Support = P(milk & orange juice)/1000 = 300/1000 = 0.3

Confidence = P(milk & orange juice)/P(milk) = (300/1000)/(600/1000) = 0.5

Lift = Confidence/P(result) = 0.5/(400/1000) = 1.25

Interpretation: A customer who purchases milk is 1.25 times likely to purchase orange juice, than a randomly chosen customer.

Actionable: rules that can be justified and lead to actionable information
Trivial: rules that are obvious or already known (because of past/existing promotions, mandatory/required purchase of a stabilizer with an air conditioner…)
Inexplicable: rules that have no explanation and no course of action

Transactional data characterized by multiple rows per customer or order is the norm for MBA.
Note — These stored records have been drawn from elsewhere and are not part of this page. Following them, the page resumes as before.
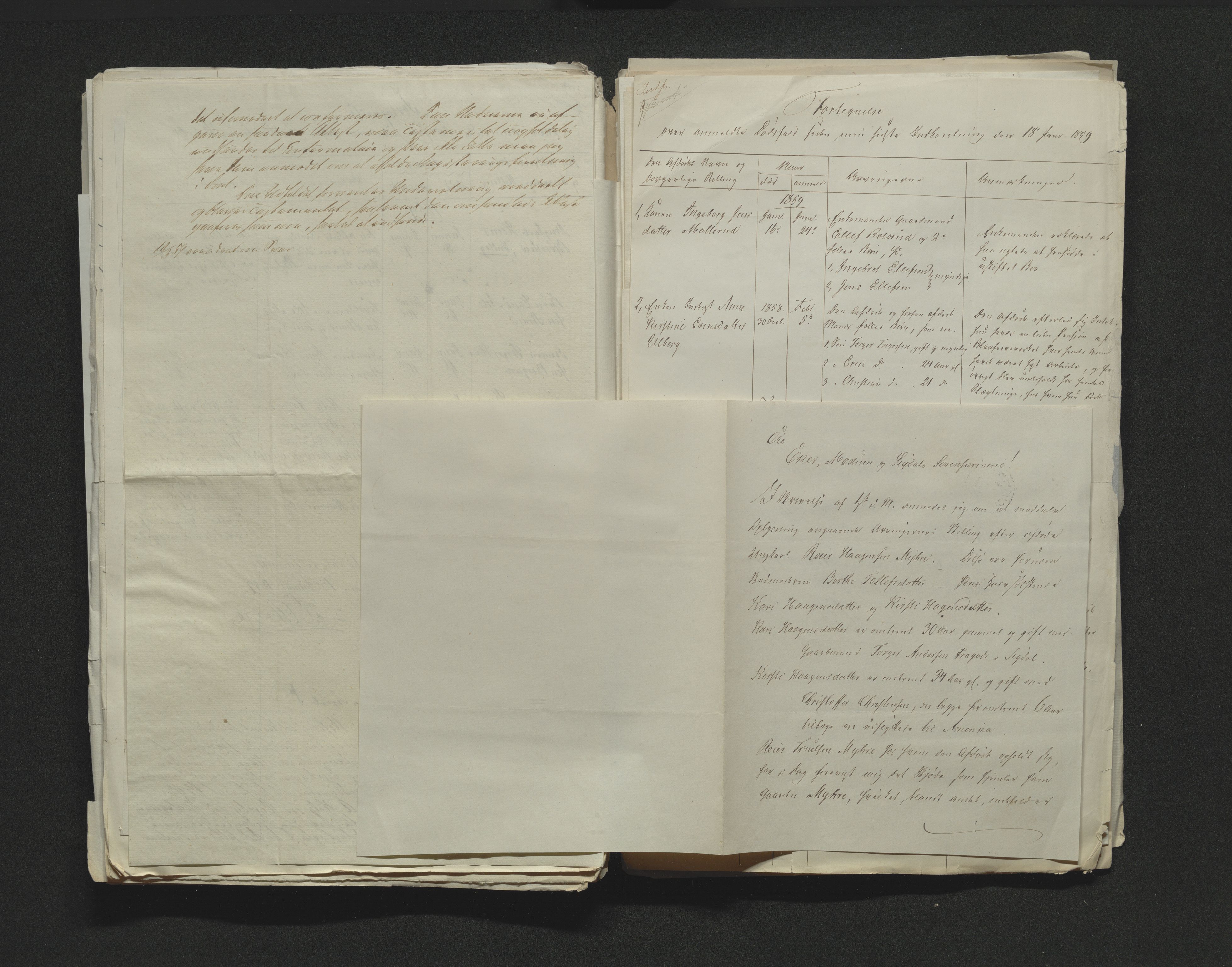 Eiker, Modum og Sigdal sorenskriveri, AV/SAKO-A-123/H/Ha/Hab/L0010: Dødsfallsmeldinger, 1858-1861, p. 200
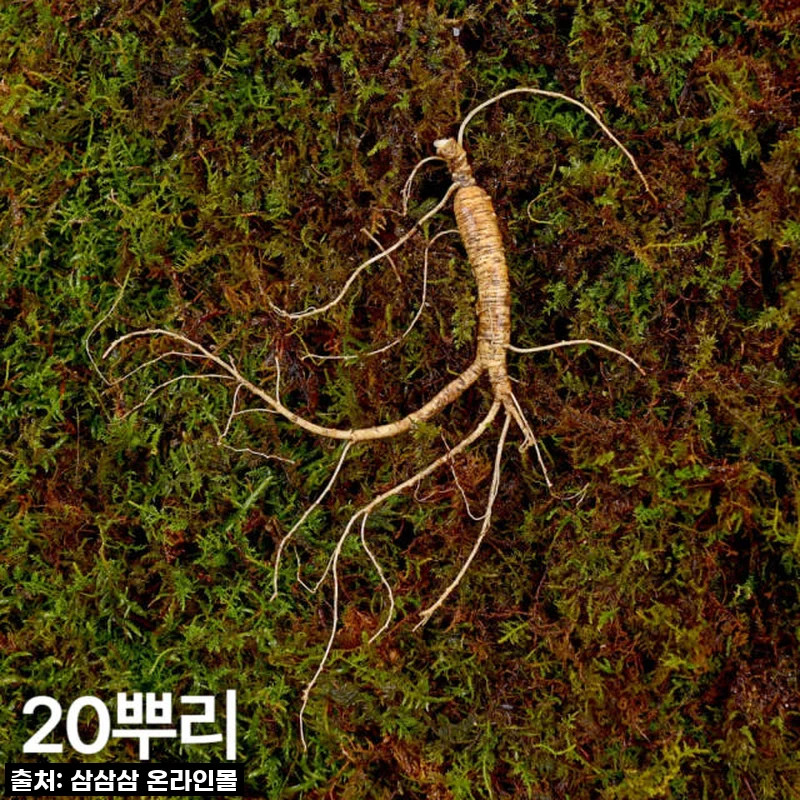 7,8년근 작은삼 산양산삼 20뿌리 산양삼 장뇌삼 [원산지:국산(강원도)]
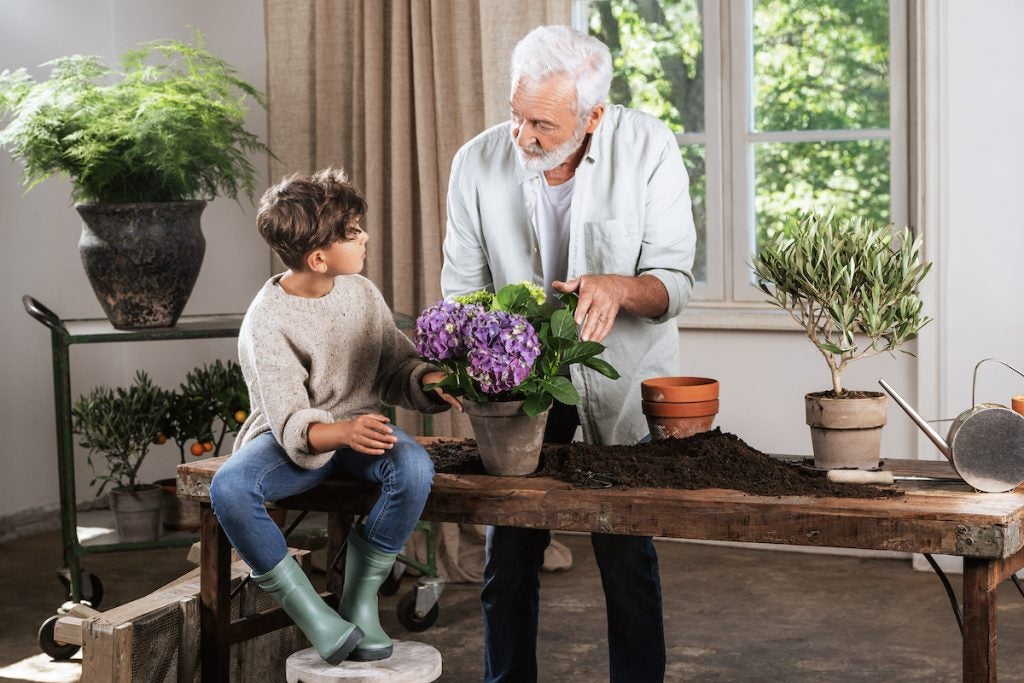 glad bedstefar og barnebarn planter træ i potte sammen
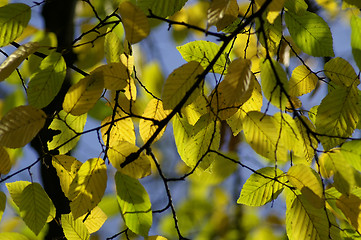 Image showing Leaves in fall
1. Choose the right set of items/level of detail – items, product category, brands…?
2. Generate rules - one-way rules (2 items, A-->B), 2-way rules (3 items, A & B --> C)…?
3. Limit the orders/items in the analysis by
- considering only orders having at least as many items as are in the rule
- requiring a minimum support for the rule
- removing the largest orders having multiple items/products

MBA doesn’t refer to a single technique but a set of business problems related to understanding of POS transaction data. The most popular of these techniques happens to be Association Rules.


Anonymous said...


Ricardo Guerrero González said...

Thanks for the info provided.
One question: Which software do you think is best to do MBA and which one as freeware?

Romakanta said...

I have used SPSS's Clementine for MBA, and it's awesome, especially the visualizations.

As far as the support, confidence, and lift calculations are concerned, you can do that using SQL.

Ricardo Guerrero González said...

Thank you for you response.
MBA requires to have a binary sets of fields (yes / no) were fields are each product and cases are the shopping transactions. My problem now is the following:
I have the cases as each transaction but the fields i have are categorical variables in an SPSS dataset were the categories are all the types of bought products. How ca I convert those fields to a binary?

Romakanta said...

Have u decided on the depth you want? Item level, brand level, category level?

I am not aware of a single node or function for doing what u require in Clementine. But u can do this by recoding.

If you take a single field that has, say, 5 product categories, you will need 5 columns/fields with 0/1 or Yes/No to indicate the presence/absence of that particular product category. So the code will be something like:

if old_field=product1, then new_field1=Yes
else new_field1=No

if old_field=product2, then new_field2=Yes
else new_field2=No'

..and so on.

Ricardo Guerrero González said...

Dear Romakata:
Thank you very much for your suggestion. You are right, I am doing a recode in SPSS and then i'll work on the Clementine.

First i'm am doing a category analysis(61 items), since at a product level there are around 11.000 items.

Helen F said...

Hey Guys,
have you considered using the 'Set to Flag' node in Clementine? It's a simpler way of achieving the recode you discussed above.
Helen F.